Transfusion-associated circulatory overload (TACO)

• 34 cases
• No direct deaths
• 2 deaths probably related and 2 possibly related.
• 9 cases of major morbidity in which the patient was transferred to ITU
• TACO is a relatively common complication of transfusion especially in the elderly and those with additional risk factors.
• Clinicians should be aware of the possibility of TACO, and its risk factors, and know how to minimise the chance of its occurrence bearing in mind also the appropriateness of the decision to transfuse

Transfusion-associated dyspnoea (TAD)

• 4 cases
• No mortality or major morbidity.

Post-transfusion purpura (PTP)
 

• There were no cases of PTP reported in 2009.

Transfusion-associated graft-versus-host disease (TA-GvHD)

• No cases of TA-GvHD have been reported in 2009, nor any since 2000–2001. However, 2 cases occurred following transfusion of leucodepleted components (in 1998–99 and 2000–01). The absence of new cases must not be allowed to justify a relaxation of local practice in relation to provision of irradiated components. Irradiated components are
• administered to over 300,000 susceptible patients each year, and it is a highly effective method of preventing this universally fatal complication.

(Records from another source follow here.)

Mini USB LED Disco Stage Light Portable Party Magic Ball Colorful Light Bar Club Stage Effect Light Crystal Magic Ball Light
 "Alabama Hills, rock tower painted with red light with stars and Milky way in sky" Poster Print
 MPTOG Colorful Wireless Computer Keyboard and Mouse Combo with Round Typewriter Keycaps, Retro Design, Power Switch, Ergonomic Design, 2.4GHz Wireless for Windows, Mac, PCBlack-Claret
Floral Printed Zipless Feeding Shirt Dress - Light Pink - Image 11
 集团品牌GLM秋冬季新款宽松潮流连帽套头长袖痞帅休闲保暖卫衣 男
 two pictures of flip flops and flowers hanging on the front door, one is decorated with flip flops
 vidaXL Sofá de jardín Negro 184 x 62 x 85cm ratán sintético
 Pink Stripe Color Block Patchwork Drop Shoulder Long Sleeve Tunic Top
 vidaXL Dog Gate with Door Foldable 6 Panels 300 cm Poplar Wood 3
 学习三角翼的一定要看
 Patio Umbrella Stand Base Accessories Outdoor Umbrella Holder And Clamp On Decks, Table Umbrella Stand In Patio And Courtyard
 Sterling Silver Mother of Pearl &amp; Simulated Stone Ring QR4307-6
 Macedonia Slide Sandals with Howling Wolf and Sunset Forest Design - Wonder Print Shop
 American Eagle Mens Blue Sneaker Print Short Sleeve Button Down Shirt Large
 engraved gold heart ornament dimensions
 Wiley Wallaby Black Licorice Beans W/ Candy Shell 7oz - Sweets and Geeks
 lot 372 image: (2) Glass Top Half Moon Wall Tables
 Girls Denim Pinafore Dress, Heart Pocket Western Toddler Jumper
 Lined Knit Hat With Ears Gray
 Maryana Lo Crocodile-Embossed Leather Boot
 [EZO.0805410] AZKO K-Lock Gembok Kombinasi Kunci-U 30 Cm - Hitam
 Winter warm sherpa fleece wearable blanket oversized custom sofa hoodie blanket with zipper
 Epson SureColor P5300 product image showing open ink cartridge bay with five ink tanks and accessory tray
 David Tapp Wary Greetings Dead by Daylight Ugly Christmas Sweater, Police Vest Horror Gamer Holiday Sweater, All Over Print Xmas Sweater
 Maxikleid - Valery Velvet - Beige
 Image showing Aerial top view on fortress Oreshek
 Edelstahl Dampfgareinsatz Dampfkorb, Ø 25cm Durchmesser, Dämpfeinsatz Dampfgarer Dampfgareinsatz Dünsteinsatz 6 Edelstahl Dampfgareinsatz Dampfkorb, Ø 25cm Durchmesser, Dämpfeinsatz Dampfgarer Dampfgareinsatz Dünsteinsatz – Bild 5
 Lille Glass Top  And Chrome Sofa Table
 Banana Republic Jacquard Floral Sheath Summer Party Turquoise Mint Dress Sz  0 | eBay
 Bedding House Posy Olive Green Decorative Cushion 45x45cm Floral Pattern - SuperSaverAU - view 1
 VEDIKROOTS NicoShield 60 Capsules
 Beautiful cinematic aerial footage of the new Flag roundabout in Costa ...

Transfusion-transmitted infection (TTI)

• 3 cases
• Expired apheresis platelet pack contaminated with Streptococcus pneumoniae
• Red cells contaminated with Pseudomonas koreensis. The patient developed a pyrexia of and died the following day of transfusion-transmitted sepsis.
• Patients developing moderate or severe pyrexia following blood component transfusion must be suspected of having bacterial sepsis, and be investigated and treated appropriately.

Autologous transfusion

• 14 cases
• 6 relating to intraoperative cell salvage and 8 to postoperative cell salvage
• Five adverse reactions were reported to postoperative, unwashed autologous transfusion, including pyrexia, rigor and bradycardia.
• There were 3 cases of hypotensive reaction related to re-infusion of intraoperatively salvaged blood.